How much is too much? It certainly depends on each person’s particular health condition, but the bar seems to be somewhat high on average: participation in 14 or more previous 30-km races.

As for the 4.9 percent prevalence of heart disease among runners, maybe it is caused by something else, and endurance running may actually be protective, as long as it is not taken to extremes. Maybe that something else is a diet rich in refined carbohydrates and sugars, or psychological stress caused by modern life, or a combination of both.

Just for the record, I don’t do endurance running. I like walking, sprinting, moderate resistance training, and also a variety of light aerobic activities that involve some play. This is just a personal choice; nothing against endurance running.
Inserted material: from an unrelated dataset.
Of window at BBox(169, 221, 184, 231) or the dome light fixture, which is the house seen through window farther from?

Mark Sisson was an accomplished endurance runner; now he does not like it very much. (Click here to check his excellent book The Primal Blueprint). Arthur De Vany is not a big fan of endurance running either.

Still, maybe the Tarahumara and hunter-gatherer groups who practice persistence hunting are not such huge exceptions among humans after all.

Reference:

Sahlén, A., Gustafsson, T.P., Svensson, J.E., Marklund, T., Winter, R., Linde, C., & Braunschweig, F. (2009). Predisposing Factors and Consequences of Elevated Biomarker Levels in Long-Distance Runners Aged >55 Years. The American Journal of Cardiology, 104(10), 1434–1440.